TROUBADOURS Réflexion sur le 'trobar' par Pierre Bec (Documentaire, extrait, 1996)
Intervention de Pierre Bec, universitaire érudit, dans un documentaire intitulé 'Le chant de l'alouette ou l'héritage des troubadours', réalisé par Patrick Cazals, en 1996, et produit par Les Films du Horla.
J'ai au cœur tant d'amour,
de joie et de douceur,
que l'hiver me semble fleur
et la neige verdure.
Bernard de Ventadour
Mais d'autre part, du moins en pays occitan, la femme mariée pouvait jouir de presque tous les droits de son seigneur, ce qui impliquait aussi des devoirs. Elle pouvait remplacer son époux pendant son absence et gérer ses propres biens dans une relative indépendance. Comme fille de seigneur féodal, elle héritait des domaines de son père avec les mêmes droits que ses frères et soeurs, tandis qu'au Nord, les filles devaient fournir une dot. Le domaine féodal était donc accessible à la femme et la responsable du fief pouvait être tutrice, recevoir et prêter des serments de foi et d'honneur, présider aux jugements civils et militaires, battre monnaie, lever des impôts, etc. : en somme, se comporter en véritable souveraine sur toute l'étendue de son fief.

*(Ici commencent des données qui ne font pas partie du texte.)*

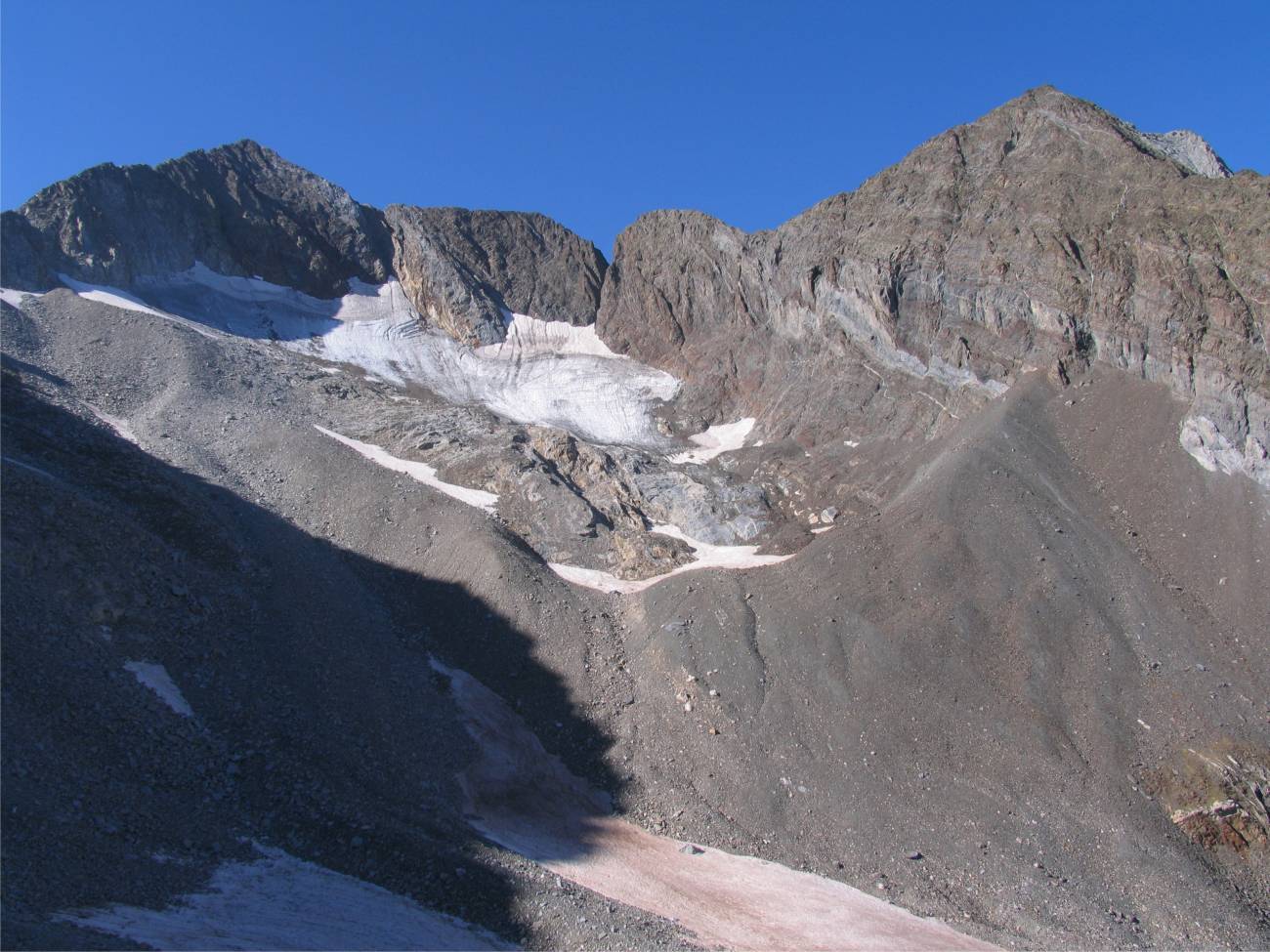Los glaciares de los Pirineos desaparecerán en menos de 50 años (I)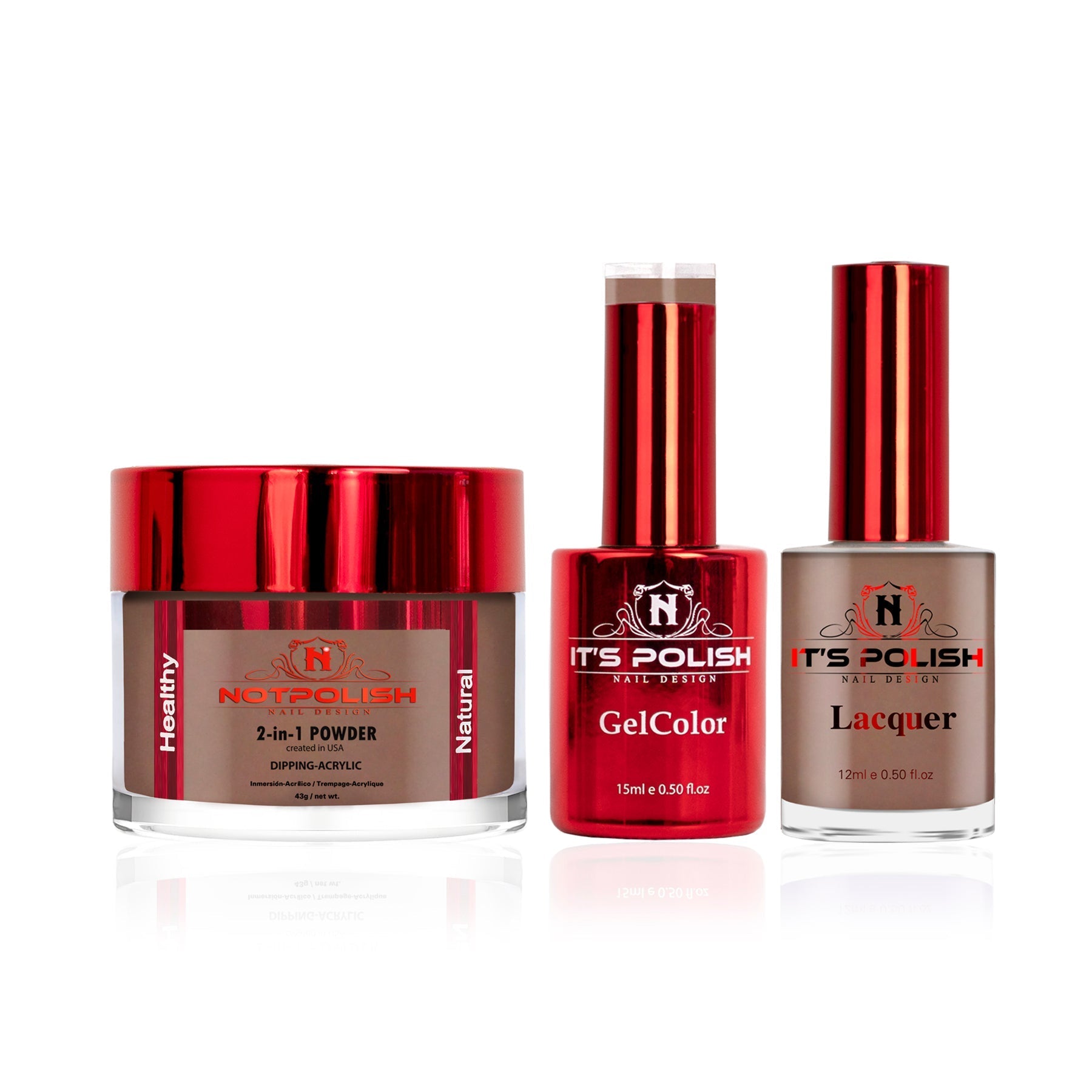 Notpolish - OG Trio Collection (#161 - #221)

Ami, j'ai tant de peine et de ressentiment de ne point vous voir que, quand je pense chanter, je pleure et je soupire, si bien que mes couplets ne sauraient accomplir ce que voudrait mon coeur.
Clara d'Anduza (XIIème ou XIIIème siècle)
La dame-poétesse reste donc bien dans le système, mais elle s'y intègre beaucoup moins en tant que femme, c'est-à-dire avec l'expression éventuelle de sa féminité authentique, qu'en tant que "dòmna", c'est-à-dire, encore et toujours, comme protectrice et dominatrice.
Ar em al freg temps vengut
Que'l gèls e'l nèus e la fanha.
E l'aucelet estàn mut
Qu'uns de chantar non s'afranha ;
E son sec li ram pels plais,
Que flors ni fòlha no'i nais.
Ni rossinhòls non i crida
Qui lai in mai me reissida. .
Nous voici maintenant parvenu au temps froid
Avec le gel, la neige et la boue.
Les oiselets sont muets
Et aucun d'eux ne s'efforce à chanter.
Les branches dans les haies sont sèches,
Et ni fleur ni feuille n'y naît.
Le rossignol n'y chante plus,
Lui qui là-bas en mai me réveille
Azalaïs de Porcairagues (XIIème siècle)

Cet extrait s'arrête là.